Pra variar, perdemos hora. A gente ainda tá completamente fora de fuso. Confiando em nosso relógio biológico, não pedimos para que nos despertassem, e o resultado foi um quase desastre. Acordamos dez e meia, meia hora antes de encerrarem o café da manhã (que já estava pago, diga-se de passagem, e que custa uma fortuninha, diga-se também). A gente se arrumou do jeito que deu e, quinze para as onze, estávamos no restaurante do Hotel. Ainda bem que o desayuno vai até as onze. Deu pra comer rapidinho, e comer rápido nunca presta. O Celo ficou com dor de estômago, e tivemos de dar um tempinho pra sair, até as coisas normalizarem.
Uma da tarde e deixamos o hotel em direção ao centro. Tomamos o metrô na estação Barajas e, cerca de meia hora depois, apeamos (nossa, apear é muito Dois Correguense) na estação Puerta del Sol, no centrão da capital madrilenha. Já de cara, a bela cena do largo defronte à Câmara Presidencial. Primeiras impressões da Juzinha: "Madrid é uma São Paulo limpa, bonita e sem gente feia". Descrição perfeita. Ou seja, é uma São Paulo sem São Paulo. Deu pra entender?
Bom, vamos em frente. Caminhamos até a Ópera, e de lá para nossa primeira parada oficial, o Palácio Real. Não sem antes, porém, tomarmos o nosso primeiro tombo em solo Europeu. Fomos abordados por duas jovens que pediam que assinássemos uma lista. Era um lance para construção de algum barato em prol de surdos mudos. Assinamos. E só aí vimos que, junto com a assinatura, tinha uma doaçãozinha.
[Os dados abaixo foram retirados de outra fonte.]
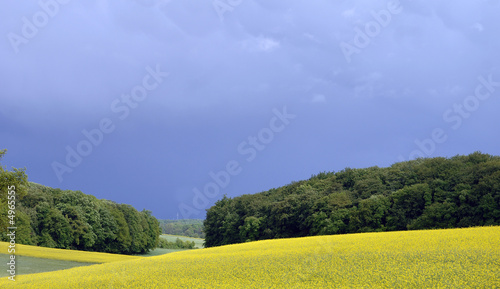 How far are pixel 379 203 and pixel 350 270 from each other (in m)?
34.6

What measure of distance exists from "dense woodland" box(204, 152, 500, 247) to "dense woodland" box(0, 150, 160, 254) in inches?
881

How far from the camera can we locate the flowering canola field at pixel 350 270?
1519 cm

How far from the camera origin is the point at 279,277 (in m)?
17.6

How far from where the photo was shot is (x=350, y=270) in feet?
57.0

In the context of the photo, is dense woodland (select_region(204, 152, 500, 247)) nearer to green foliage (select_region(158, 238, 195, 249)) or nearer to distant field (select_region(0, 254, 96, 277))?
distant field (select_region(0, 254, 96, 277))

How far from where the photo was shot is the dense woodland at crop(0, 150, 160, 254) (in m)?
66.4

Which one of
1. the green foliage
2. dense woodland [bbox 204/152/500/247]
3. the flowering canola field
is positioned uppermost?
the green foliage

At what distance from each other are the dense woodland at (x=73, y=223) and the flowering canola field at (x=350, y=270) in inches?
1621

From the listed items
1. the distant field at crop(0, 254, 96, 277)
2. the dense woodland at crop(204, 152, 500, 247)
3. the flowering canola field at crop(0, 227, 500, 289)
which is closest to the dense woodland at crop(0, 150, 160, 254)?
the distant field at crop(0, 254, 96, 277)

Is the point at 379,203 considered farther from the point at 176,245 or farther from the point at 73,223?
the point at 176,245

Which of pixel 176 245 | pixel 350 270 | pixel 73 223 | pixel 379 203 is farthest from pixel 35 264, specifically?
pixel 176 245

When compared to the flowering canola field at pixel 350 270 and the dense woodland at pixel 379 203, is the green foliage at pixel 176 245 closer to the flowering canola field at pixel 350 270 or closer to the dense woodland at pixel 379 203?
the dense woodland at pixel 379 203

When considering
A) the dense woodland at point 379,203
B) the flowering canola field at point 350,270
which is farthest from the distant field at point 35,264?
the dense woodland at point 379,203

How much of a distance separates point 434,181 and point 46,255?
45254mm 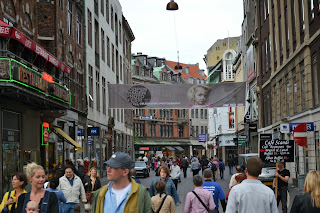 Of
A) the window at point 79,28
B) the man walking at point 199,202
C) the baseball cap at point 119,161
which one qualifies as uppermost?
the window at point 79,28

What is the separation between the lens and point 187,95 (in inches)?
1196

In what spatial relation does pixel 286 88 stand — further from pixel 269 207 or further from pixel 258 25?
pixel 269 207

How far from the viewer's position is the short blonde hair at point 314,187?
6.74 m

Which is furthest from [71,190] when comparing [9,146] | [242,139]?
[242,139]

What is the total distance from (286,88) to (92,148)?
15220 millimetres

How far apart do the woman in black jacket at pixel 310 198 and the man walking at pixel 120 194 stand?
2281 mm

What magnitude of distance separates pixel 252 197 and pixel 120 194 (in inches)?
70.3

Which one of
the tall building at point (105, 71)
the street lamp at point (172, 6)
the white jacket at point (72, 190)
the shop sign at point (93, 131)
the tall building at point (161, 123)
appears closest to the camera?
the white jacket at point (72, 190)

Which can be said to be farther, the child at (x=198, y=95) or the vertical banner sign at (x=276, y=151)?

Cagada. Bom, dez eurinhos foram pro buraco. Não adianta, a gente sempre tem que tomar um tombinho pra ficar esperto por aqui. A Ju ralhou com o Celo, que foi o verdadeiro burro da história. Mas como qualquer desgraça é bobagem, seguimos em direção ao dito Palácio.
Pra quem ainda não veio, vale a visita. Lindo demais, imponente, arquitetura de babar. E então a primeira boa surpresa: SULAMERICANOS NÃO PAGAM MAIS PARA ENTRAR! Todos os outros são obrigados a arcar com oito Euros de ingresso, mas a gente tem apenas que mostrar o passaporte e passar batido. Sei lá, acho que eles têm dó da gente. Que bom. Entramos no Vasco (troca, troca: entramos no 0800) e fizemos o belo passeio que começa na sala da armada espanhola, cheia de armamentos e armaduras antigas, e termina nos cômodos do palácio em si, decorados em ouro e com uma opulência de assustar. Lustres gigantescos em cristal, Vasos monstruosos, a sala do trono, uma mesa de jantar com uns cinquenta metros ou mais, tapeçaria digna de Reis. Muito massa, e de graça. Na saída, uma cena curiosa: o soldado da Guarda Real, vendo o Celo de jaqueta de couro, óculos escuros e mochila, certamente o teve por terrorista. Abordou no sopetão, meio bravo, querendo saber de onde a gente era. Quando ouviu "Brasil", se abriu igual mala véia, e até deu um sorriso. Fosse o Galli e tava preso até agora.
Seguimos perambulando pela cidade sem objetivo, e paramos no simpático mercadinho de San Miguel (a Ju que lembrou o nome, por causa do tio Zé Miguel), onde tomamos uma coca, uma água e um café. Valia a pena tomar um vinho e comer uns negocinhos, mas a gente não tava aguentando ver comida naquela hora, muito menos bebida. Mais uns passos e entramos na Plaza Mayor, um dos lugares mais lindos da Europa. A música rolando de fundo, a praça inteiramente fechada por prédios, pessoas comendo, cnversando, algumas sentadas no chão, outras em mesas de bares. Artistas de rua, lojas de souvenir, e um céu azul sem uma nuvenzinha sequer. Cenário desses que fazem a gente agradecer a Deus por tudo que tem na vida.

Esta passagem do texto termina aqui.